Didn't play again until 2014. I had moved back to the area I grew up in and started hanging out with old highschool friends again. We were getting together regularly for board games and I started thinking that it would be fun to run the occasional TTRPG. But 4e discouraged me. It didn't have the feel I was looking for. It seemed to be too heavily focused on miniature wargamming. I know now that it unfair, but as someone from OD&D and 1e days looking at the game decades later, it was a hard pass after glancing through it.
A friend of mine from high school who was still a heavy gamer suggested Pathfinder. After looking throught it and reading up on it a bit online, I basically said "I don't have time for this s***!" and went one playing board games. When the 5e Player's Handbook came out, I went to my FLGS and paged through a copy and instantly fell in love. Something about the artwork and and the more readily accessible rules hit the nolstalgia button while also seeming modern. A classic car body with an upgraded engine and modern tech package. I played several games at a local convention to get a feel for it and started building my homebrew campaign.

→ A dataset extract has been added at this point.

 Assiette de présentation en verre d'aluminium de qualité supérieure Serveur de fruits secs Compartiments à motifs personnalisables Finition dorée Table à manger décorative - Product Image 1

I still run my monthly 8-hour game with most of the same people that I brought together at the end of 2014 and early 2015. After wrapping up my first homebrew campaign, I ran Curse of Strahd, and am no running Rappan Athuk.
I run 5e mostly by the book, though I've brought in some homebrew or third-party options that fit the campaign.
I run and play other games but generally only as one shots. These include Paranoia (current edition), The Expanse, ICRPG (Index Card RPG), Dialect, and InSPECTres. At my local convention, on the years I could attend, I play whatever game I haven't played that looks interesting.